Tuesday, May 6, 2014

If Life Was Easy...It'd be Boring!

A year ago, somewhere right around this week in May, my dad and brother showed up in Gdansk.  I didn't really think I missed them much until I started crying in the airport when Joey gave me a hug.  My year in Poland was hard, and I've been fairly honest and open about that for the last year...so I don't feel the need to super rehash all the things that made it a rough year.

So a year ago, I was looking at the light at the end of the tunnel.  The excitement I felt about grad school was overwhelming because, well, it HAD to be easier than living in a foreign country, teaching classes I knew nothing about, and with very few friends.  Right?  Hahahaha.

Grad school is an entirely different beast than living abroad, but some of the skills I talked about in my reflection on a year abroad have actually come surprisingly in handy.

Fear of the Unknown is Useless
ANYONE who has had any brief academic discussion with me knows that math IS NOT my subject.  In fact, I jokingly told an internship supervisor that I hated math...and he asked how I got my internship.  Luckily, over the years, I have become more open to new things, which led me to fall head over heels in love with SPEA's quantitative program.  I still panic when a new big word like heteroscedsaticity pops up, but I'm getting better at dealing with it.

Public Speaking isn't so Bad
Teaching four classes a week for a year pretty much eradicated fear of public speaking.  I mean, I still get a little jittery inside, but as long as I prepare well, there's no problem!
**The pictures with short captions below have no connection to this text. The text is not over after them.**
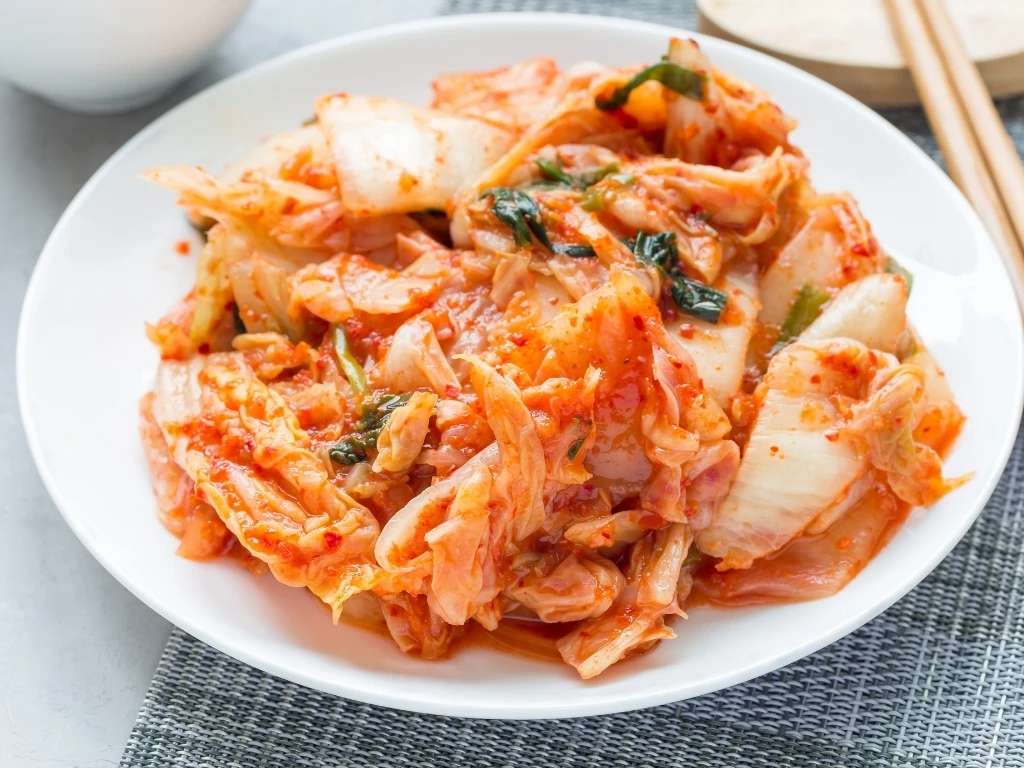 Kimchi served on a white plate with chopsticks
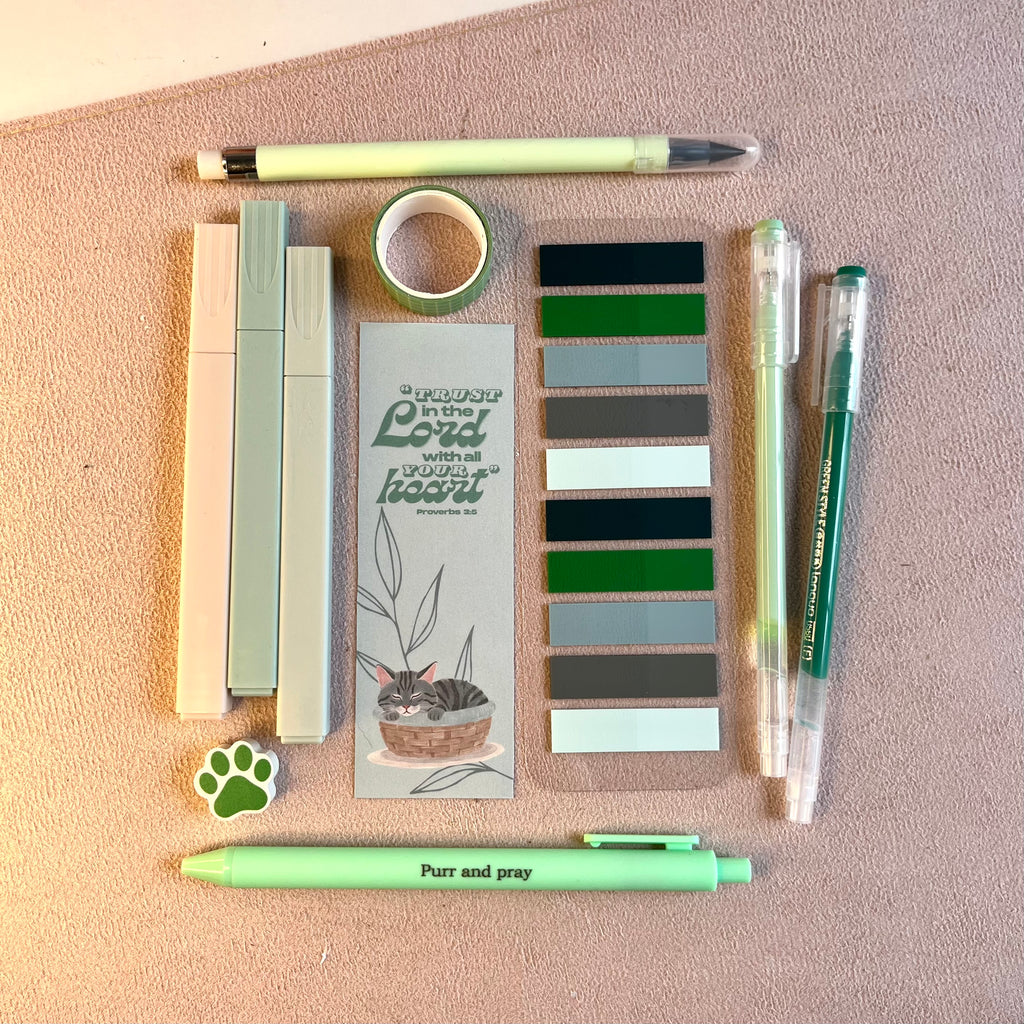 Green stationery items including pens and a gray tabby notebook.
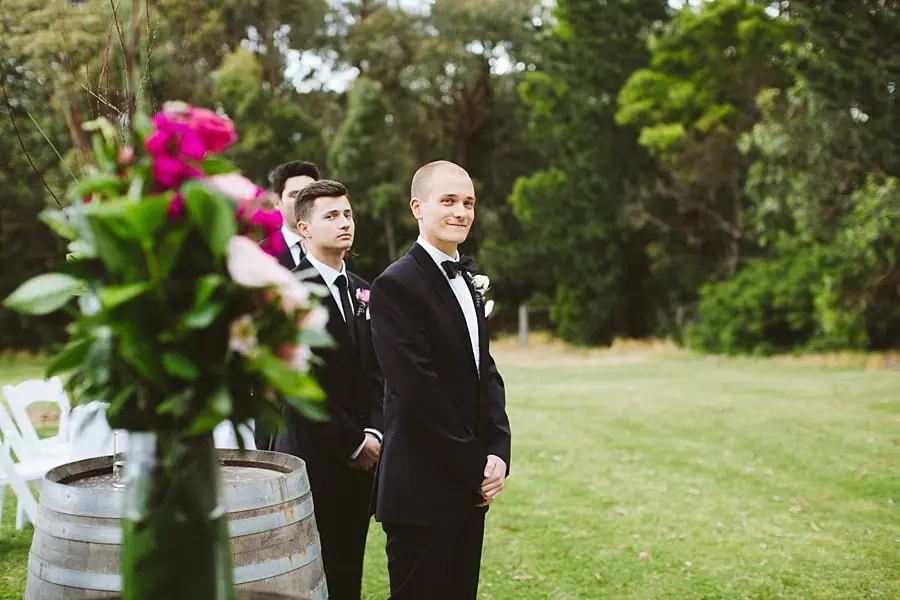 Two suited men waiting beside a floral arrangement on a wooden barrel.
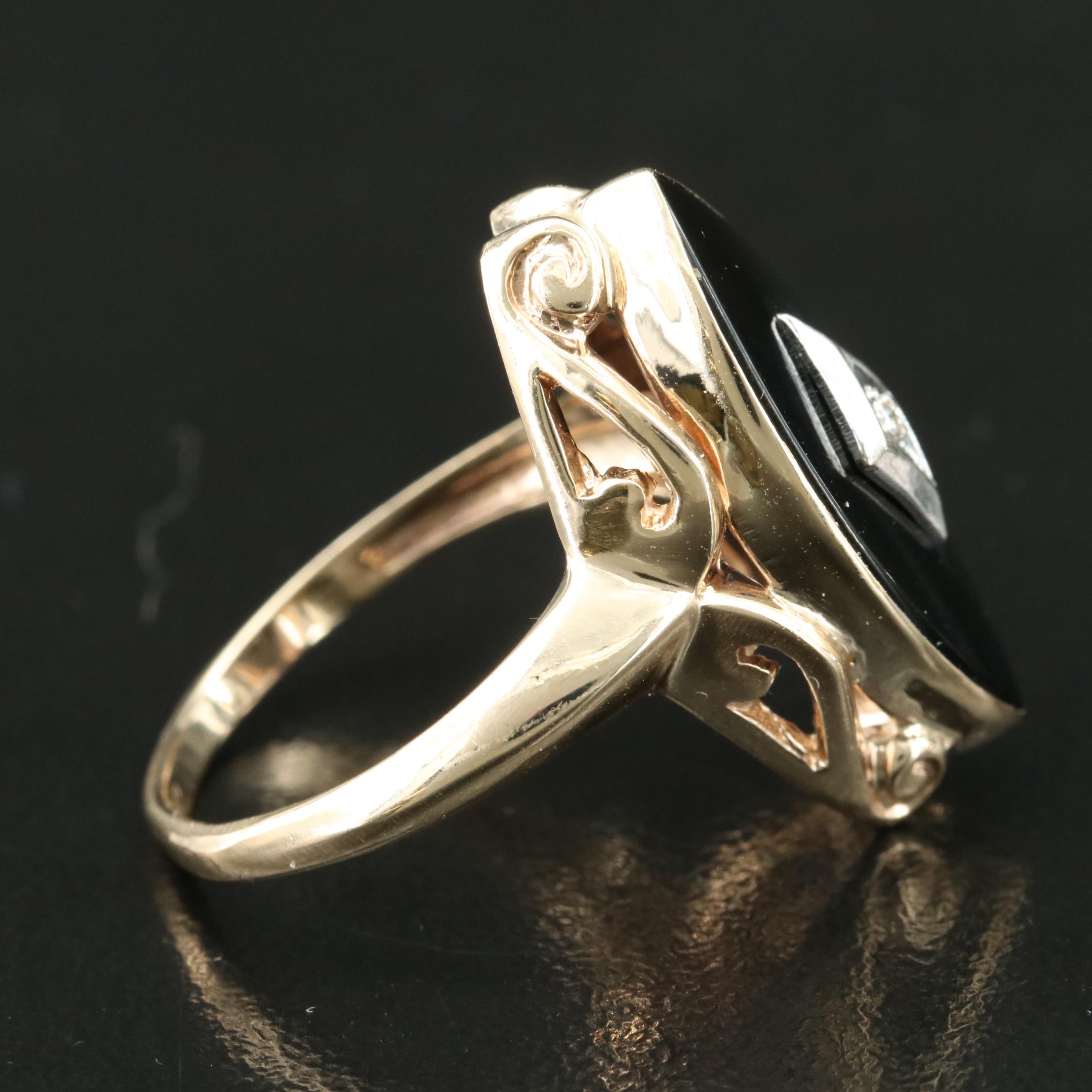 10K Black Onyx and Diamond Navette Ring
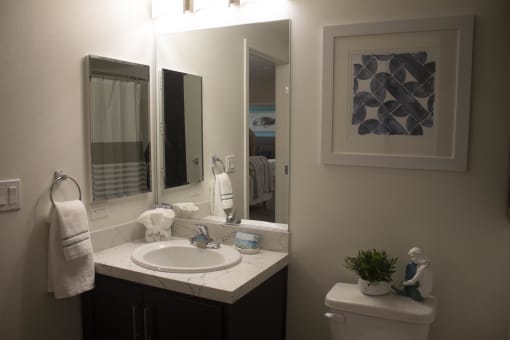 a small bathroom with a sink and a toilet at The Crossings at Redlands, Redlands, California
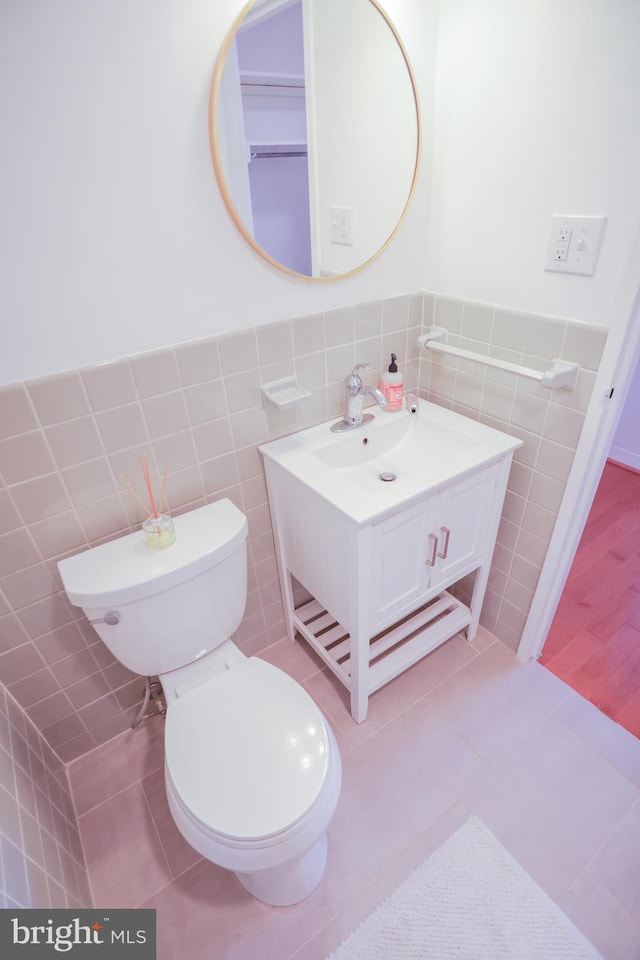 half bath with tile walls, tile patterned floors, toilet, wainscoting, and vanity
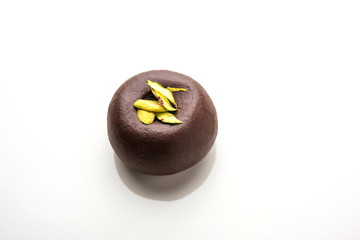 Chocolate Milk peda or pera or pedha made using sweet condensed Milk and cocoa powder, garnished with Pistachio. selective focus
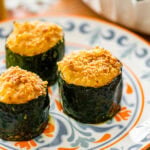 three Italian stuffed zucchini on a blue and orange small plate.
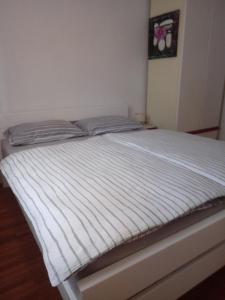 a bed in a bedroom with a white mattress at V klancu in Dekani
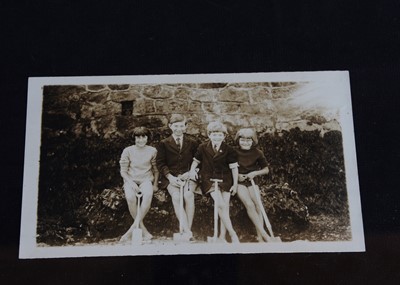 Lot 233 - Four original photographs of Christopher Robin and Anne Darlington at the beach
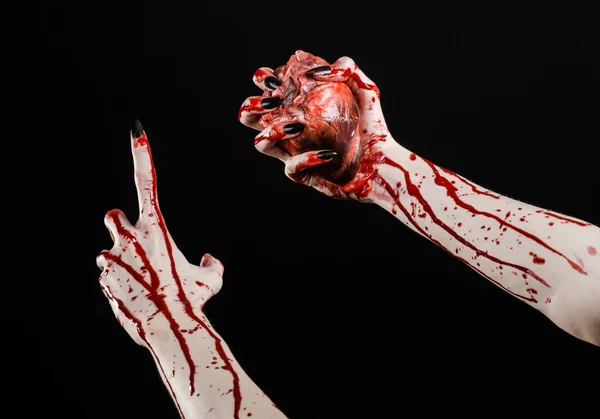 Kanlı korku ve Halloween Tema: korkunç kanlı eller kanlı insan kalbi tutan bir siyah arka plan üzerine siyah çivi ile izole Studio arka plan — Stok fotoğraf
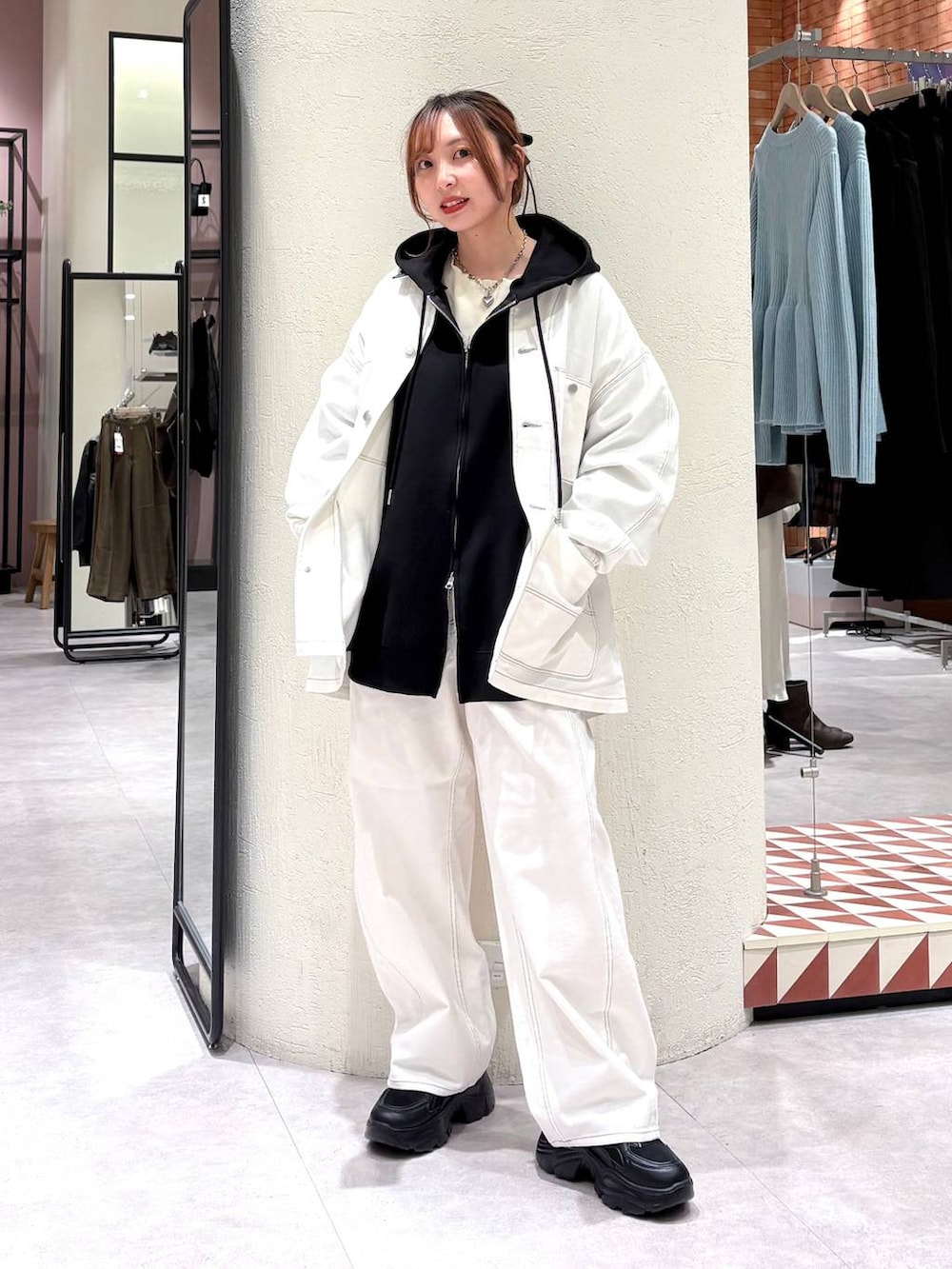 ブラック系のパーカー、ホワイト系のデニムパンツ、ホワイト系のデニムジャケットを着用したレディースの冬コーディネートの2枚目の写真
"I don't know" isn't a bad word
Grad school is a place where readings and concepts and equations can get stuffed down your throat faster than hot dogs at an eating contest.  I'll modify this lesson a little bit, but "I need a break", "I don't understand", and "I don't know" are all phrases that I've used repeatedly. Being able to say "I don't know" is a knowledge of my boundaries and knowing boundaries is crucial to maintaining sanity.


I'll add a new one to all of this....
Life is hard...get over is
I really thought that grad school was going to be easier than Poland.  At least my life would be in English right? Hah.  Grad school has it's own language of statistics and finance, things I've never really experienced before coming to IU.  It's hard...in a different, but still difficult way than Poland.

So the conclusion I've come to is that life is never easy, just different kinds of hard.  But it's those really hard moments that make the good days and triumphs so much sweeter.  I am who I am because I have struggled.  If life was easy, it'd be boring. 

The most important thing I've learned at SPEA this year is the value of friendship.  While grad school was hard (yes, I cried a few times), having friends to help bear the burden, proofread assignments, and argue about research methodology made those really bad nights much fewer and further between than last year in Poland. 


I'm ready to kick my last two finals butts and enjoy a wonderful summer...hopefully filled with a few trips to Lake Monroe, s'mores, and lots of barbeque.  But I'm going into the summer, with the realization that it will bring its own challenges (probably commuting 2 1/2 hours a day is high up there).  Just because school's out, doesn't give me a free pass at life.  Luckily, I have good friends and a family who is aaaaaaaaaalways there for me!